Animal Farm is a fable--a story usually having
a moral, in which beasts talk and act like men and women. Orwell's animal
characters are both animal and human. The pigs, for example, eat mash--real
pig food--but with milk in it that they have grabbed and persuaded the
other animals to let them keep (a human action). The dogs growl and bite
the way real dogs do--but to support Napoleon's drive for political power.
Orwell never forgets this delicate balance between how real animals actually
behave and what human qualities his animals are supposed to represent.
Part of the fable's humorous charm lies in
the simplicity with which the characters are drawn. Each animal character
is a type, with one human trait, or two at most--traits usually associated
with that particular kind of animal. Using animals as types is also Orwell's
way of keeping his hatred and anger against exploiters under control. Instead
of crying, "All political bosses are vicious pigs!" he keeps his sense
of humor by reporting calmly: "In future, all questions relating to the
working of the farm would be settled by a special committee of pigs." (No
wonder that when a publisher who rejected the book, afraid to give offense,
wanted to have some animal other than pigs representing these bosses, Orwell
called it an "imbecile suggestion.")
The aspect of human life that most interested
Orwell was not psychological; it was political: how people act as a group,
how societies are formed and function. Clearly, Animal Farm is a story
about a revolution for an ideal, and about how that ideal is increasingly
betrayed until it disappears altogether from the new society after the
revolution. Since Orwell attacks that new society, and since, despite the
grim, bitter picture he paints of it, he attacks it with humor (the humor
of the beast fable), we can also call Animal Farm a satire.

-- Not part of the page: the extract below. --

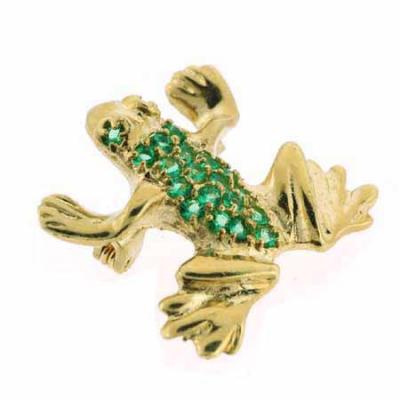 18K Gold over Sterling Silver Green CZ Leaping Frog Pin & Pendant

The immediate object of attack in Orwell's
political satire is the society that was created in Russia after the Bolshevik
Revolution of 1917. The events narrated in Animal Farm obviously and continuously
refer to events in another story, the history of the Russian Revolution.
In other words, Animal Farm is not only a charming fable ("A Fairy Story,"

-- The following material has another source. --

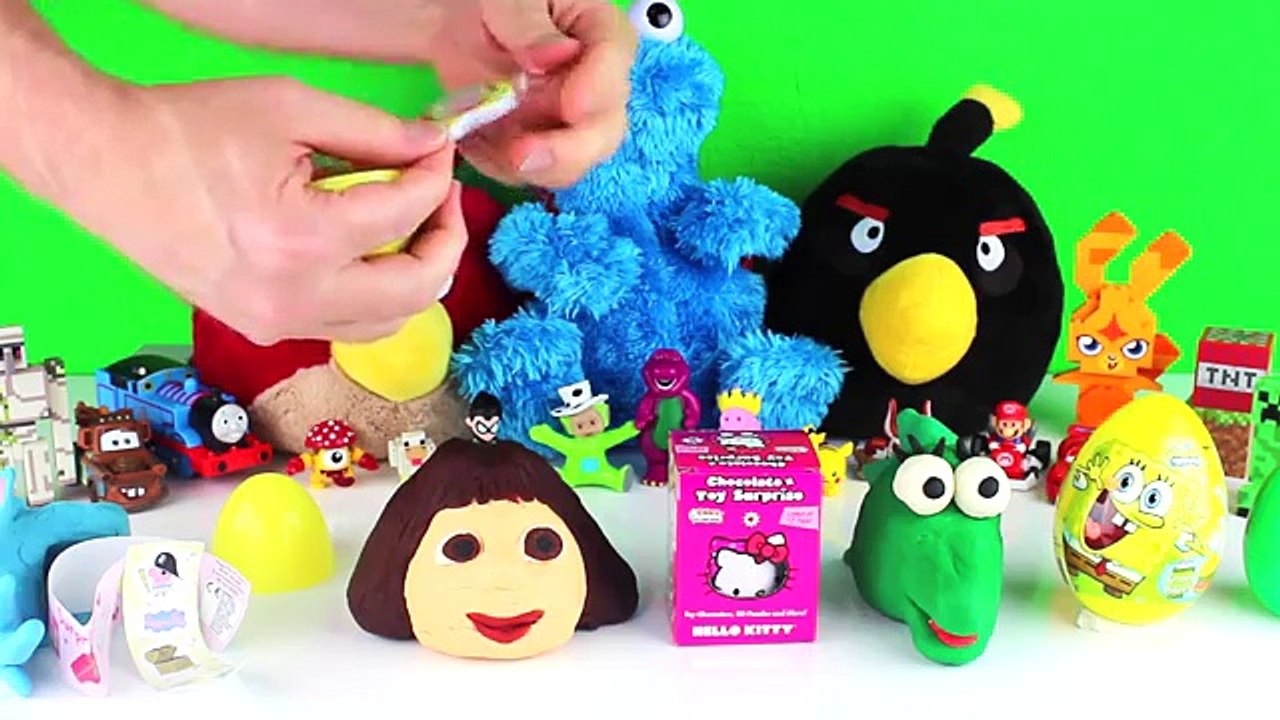 Play-Doh Dora The Explorer, Peppa Pig and Spongebob Squarepants Surprise Eggs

as Orwell playfully subtitles it) and a bitter political satire; it is
also an allegory.
You can enjoy Animal Farm without knowing
this, of course, just as you can enjoy Swift's Gulliver's Travels without
realizing that it, too, is a bitter satire and in places a political allegory.
But to understand the book as fully as possible, we'll want to pay attention
to the historical allegory as we go along.